Bicara guru idealis bisa jadi fikiran kita tentu akan tertuju pada guru-guru di pedalaman yang mengajar dengan kesungguhan hati bersama fasilitas sekolah yang minim. Mereka seperti tidak memperdulikan besaran nominal rupiah yang mereka dapatkan asalkan anak-anak disekitar mereka mendapatkan secercah pendidikan walaupun serba minimalis.
Guru-guru
idealis seperti itu tidak hanya tersebar didaerah pedalaman namun dapat
juga kita temui di daerah-daerah perkotaan bahkan di Ibukota sekalipun.

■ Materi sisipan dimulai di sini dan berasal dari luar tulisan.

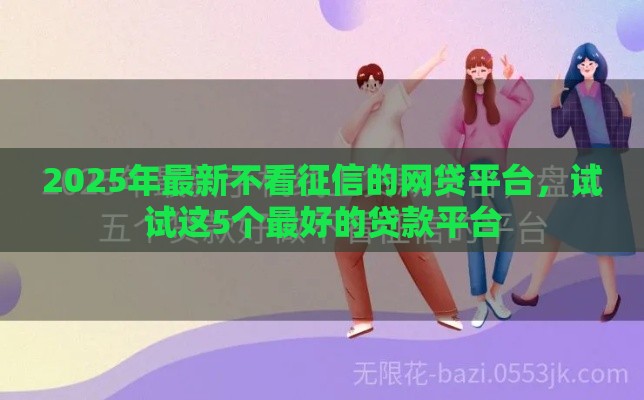2025年最新不看征信的网贷平台，试试这5个最好的贷款平台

Sepanjang masih banyak anak-anak Indonesia yang kesulitan mendapatkan
layanan pendidikan maka pasti ada guru-guru atau penggiat pendidikan
yang membantu mereka tanpa memikirkan berapa imbalan yang mereka
dapatkan. Karena mereka mengajar dengan hati maka tidak sedikit diantara
mereka yang mampu membawa anak-anak didiknya berprestasi.
Guru-guru
idealis ini tetap mempunyai naluri ilmiah yang disadari atau tidak,
terkadang menyimpan harapan untuk mendapatkan perhatian dari lingkungan
sekitar baik pemerintah maupun masyarakat secara umum. Ketika mereka
mengetahui bahwa ada beberapa peluang pendanaan yang mungkin mereka
dapatkan maka secara tidak langsung perhatian mereka mulai sedikit
teralihkan pada masalah pendanaan, peningkatan layanan, fasilitas hingga
kesejahteraan guru yang bersangkutan.
Saat
guru-guru idealis tersebut sudah mulai teralihkan fikirannya pada
masalah kesejahteraan maka sangat besar peluang akan terkikisnya
idealisme mereka sebagai guru walau tidak hilang sama sekali. Karena
selain mereka berfikir untuk melayani pendidikan anak-anak yang kurang
mampu disatu sisi mereka juga mulai fokus untuk mencari dana guna
menunjang kesejahteraan mereka. Apalagi jika mereka mengetahui ada
pos-pos bantuan dan pembiayaan untuk kegiatan sosial, maka aktivitas
mengejar dana tersebut semakin intensif. Sehingga tidak jarang anak-anak
didik mereke dijadikan objek dalam pencarian kesejahteraan tersebut.
Guru
sejahtera umumnya guru-guru yang mengajar di daerah perkotaan dimana
sekolah mampu memberikan gaji mengajar yang tinggi atau PNS yang
mendapatkan gaji dan tunjangan berlipat baik dari pusat maupun
pemerintah daerah. Selain gaji tinggi mereka juga berkesempatan untuk
mendapat penghasilan tambahan dari mengajar les atau privat dan lain
sebagainya karena di perkotaan bisnis pendidikan tumbuh sangat subur.
Persepsi
yang muncul di mata masyarakat, khususnya pemerhati pendidikan di
Indonesia menyatakan bahwa kesejahteraan belum mampu membuktikan
peningkatan mutu pendidikan. Artinya guru yang selama ini menikmati
perubahan kebijakan mengenai gaji dan tunjangan guru masih banyak yang
belum membalasnya dengan peningkatan kinerja dan kompetensi sebagai guru
profesional.
Uang berlebih yang didapatkan oleh
guru-guru sejahtera ini masih digunakan secara euforia untuk hal-hal
yang sifatnya konsumtif dan tidak berkaitan langsung dengan upaya
peningkatan kompetensi profesi yang secara umum masih lemah.
Namun,
bagi guru-guru sekolah di perkotaan yang memulai mengajar karena
panggilan hati, maka berapapun gaji dan penghasilan yang mereka dapatkan
tidak menjadi ukuran. Guru-guru tersebut biasanya tetap fokus mengajar
dan berfikir keras bagaimana agar anak-anak didik mereka terdidik dengan
benar. Sayangnya guru-guru seperti ini porsentasenya sangat sedikit.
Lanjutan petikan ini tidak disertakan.